Given data section start

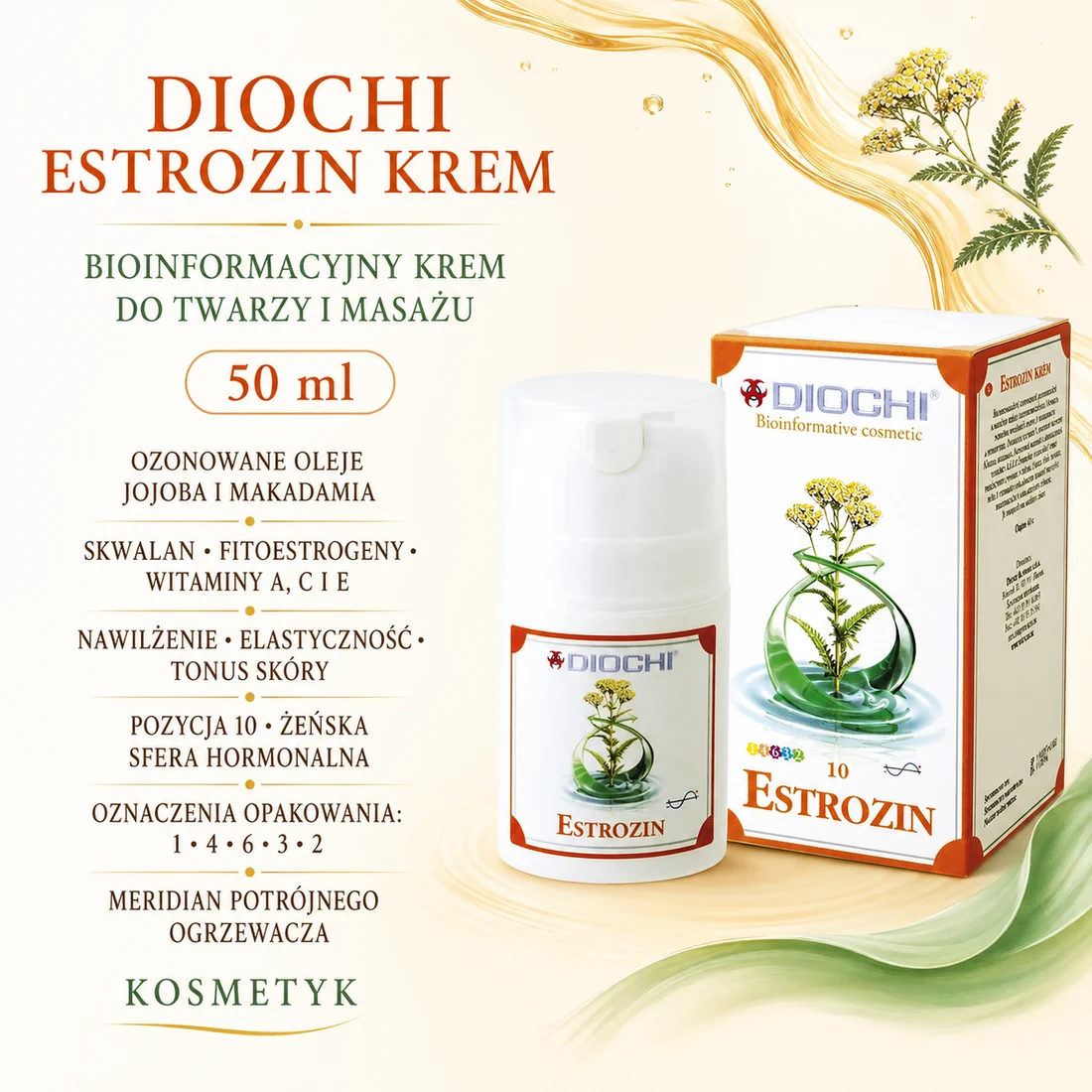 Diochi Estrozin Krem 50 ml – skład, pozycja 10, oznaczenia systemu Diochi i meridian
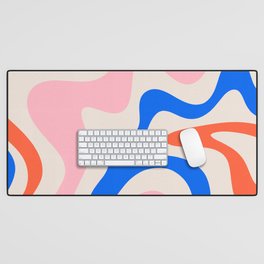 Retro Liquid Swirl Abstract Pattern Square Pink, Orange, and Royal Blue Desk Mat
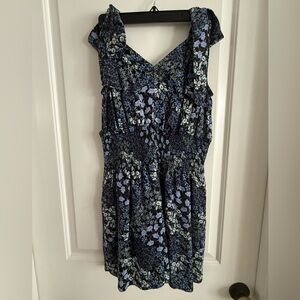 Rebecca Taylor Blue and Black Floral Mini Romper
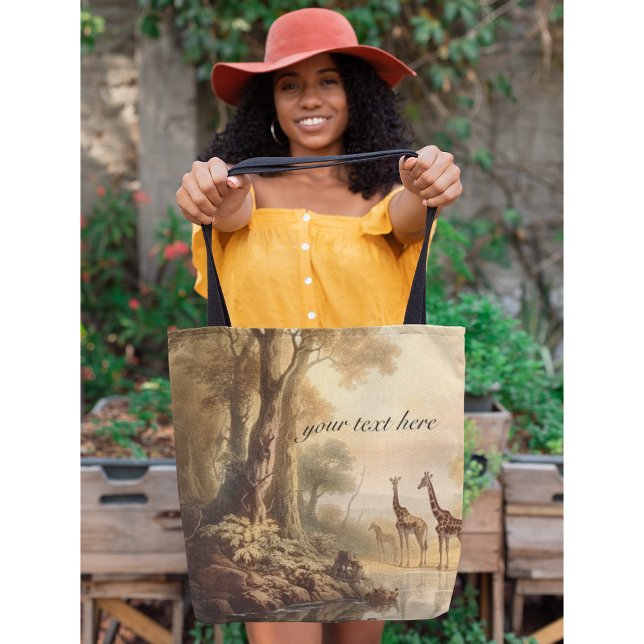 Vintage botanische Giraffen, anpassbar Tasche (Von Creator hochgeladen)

Given data section end
Given data section start

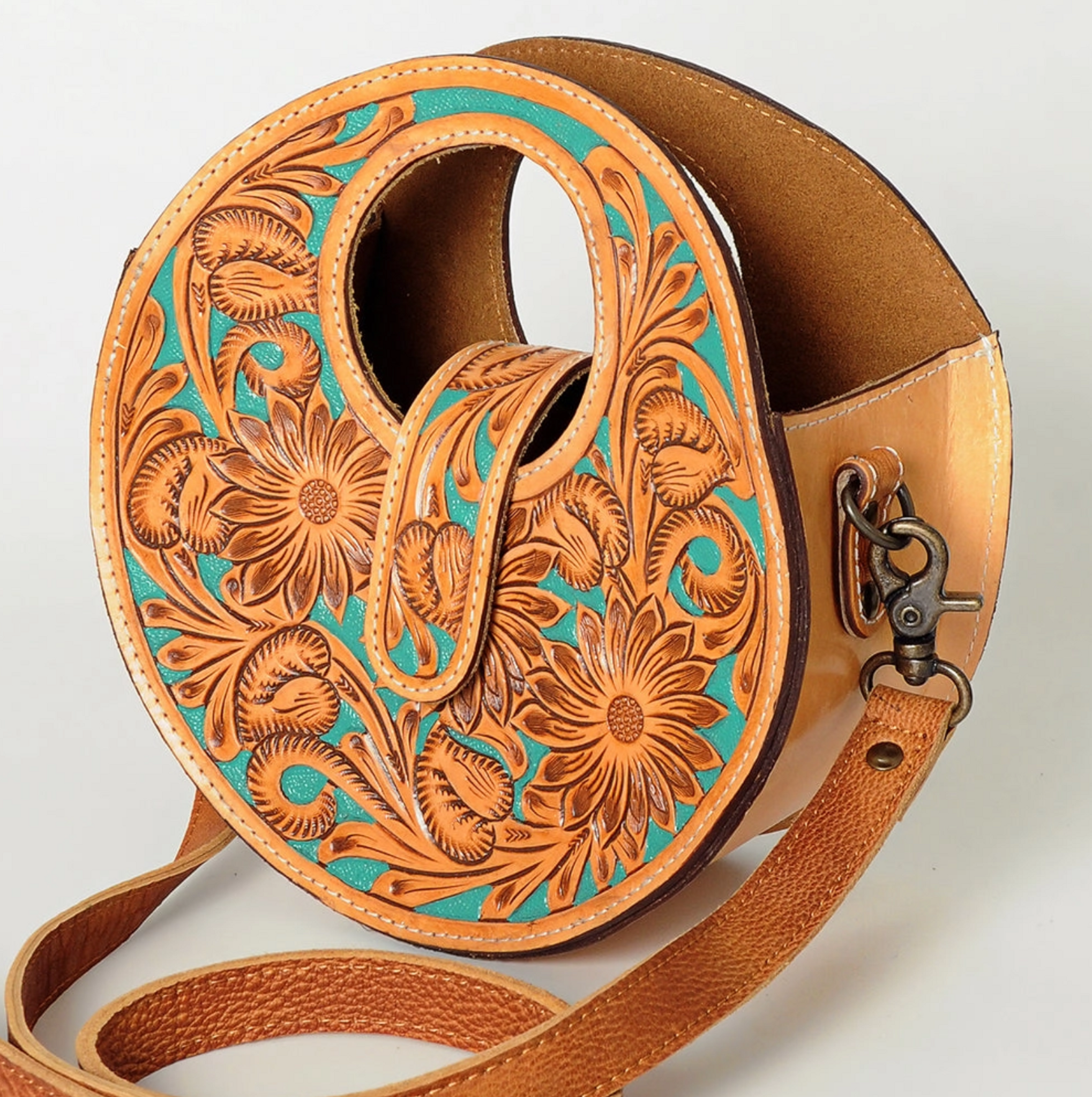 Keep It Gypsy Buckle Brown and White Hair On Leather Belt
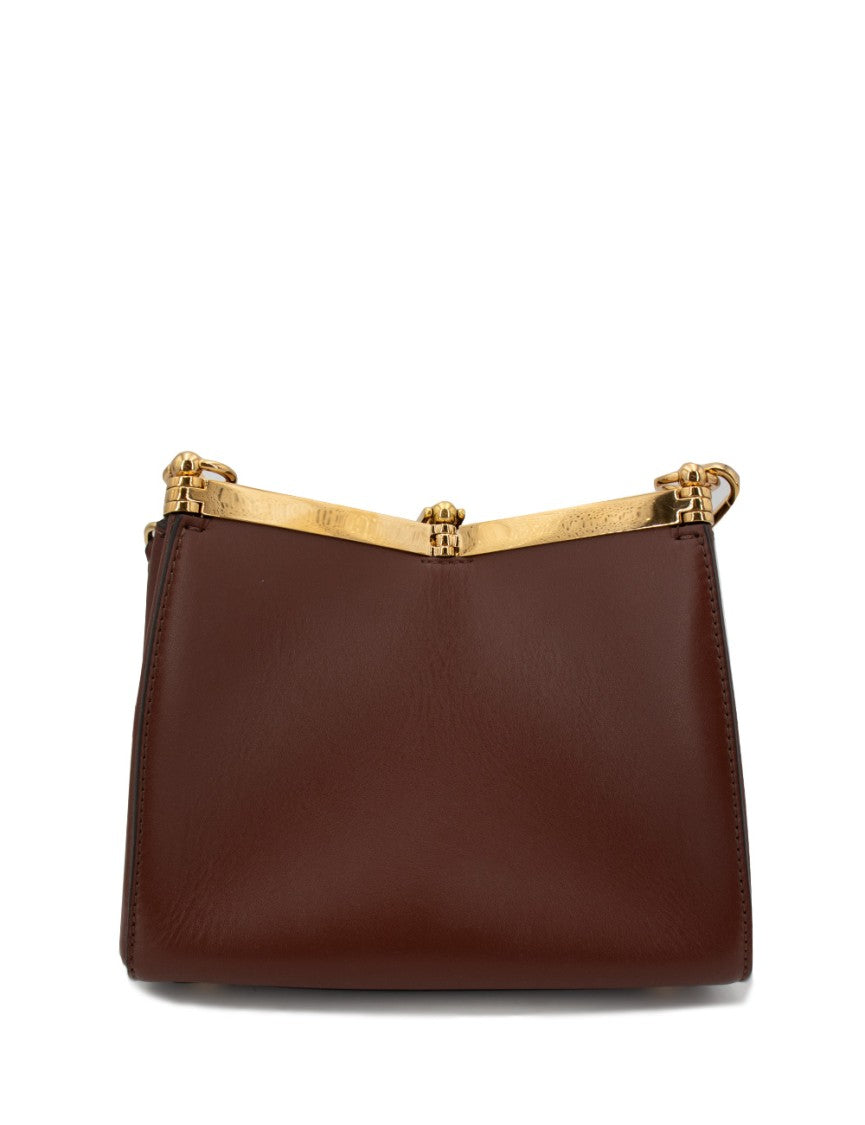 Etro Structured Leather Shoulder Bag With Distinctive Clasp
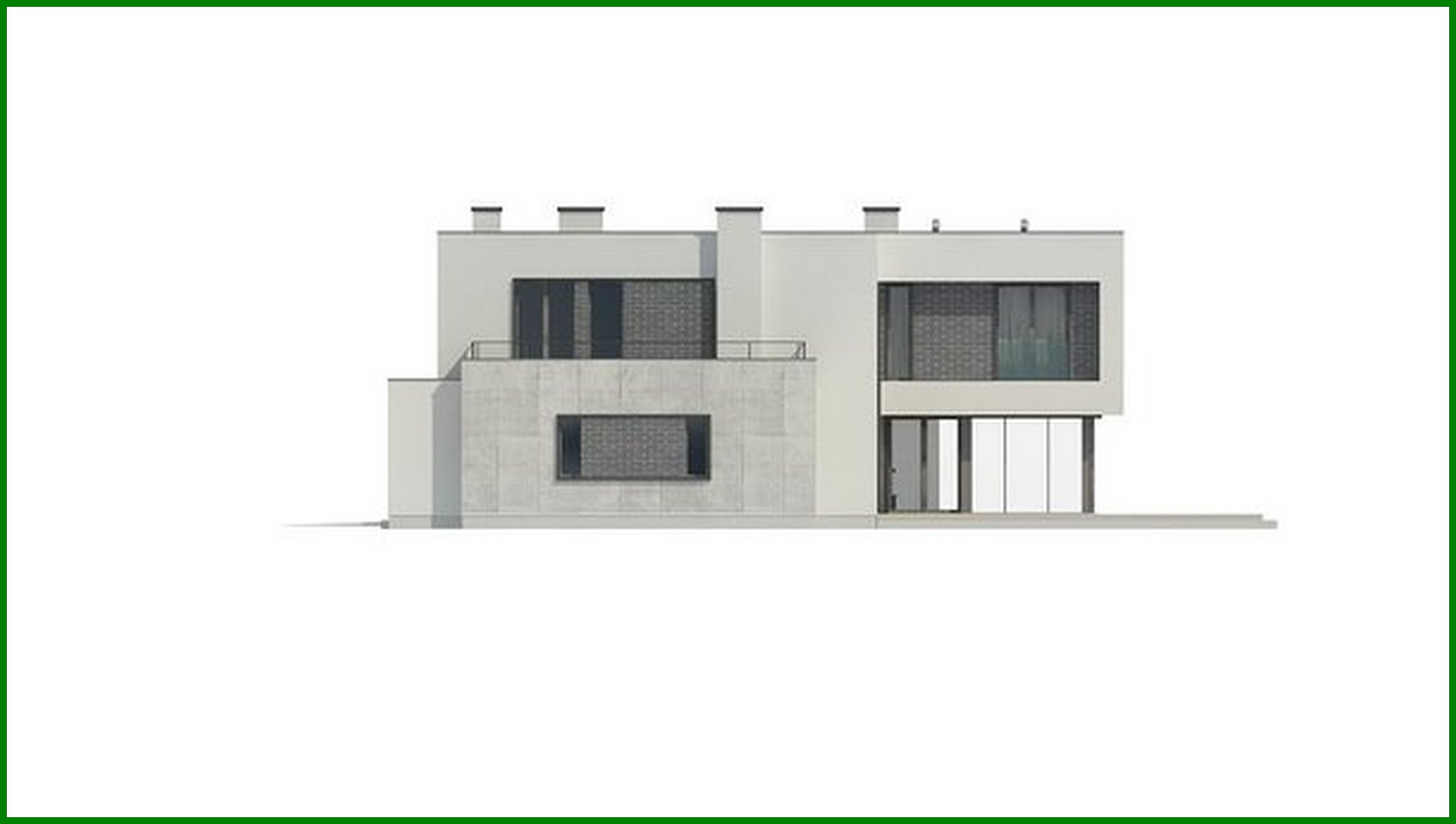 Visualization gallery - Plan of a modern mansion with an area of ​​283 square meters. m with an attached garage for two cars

Given data section end

> **Aim of the exercise**
Copy out the lines above from the line containing "Rebecca Taylor Blue" through the line containing "Vintage botanische Giraffen, anpassbar", exactly, and keep the pictures out.

> **Your response**
 Rebecca Taylor Blue and Black Floral Mini Romper
 Vintage botanische Giraffen, anpassbar Tasche (Von Creator hochgeladen)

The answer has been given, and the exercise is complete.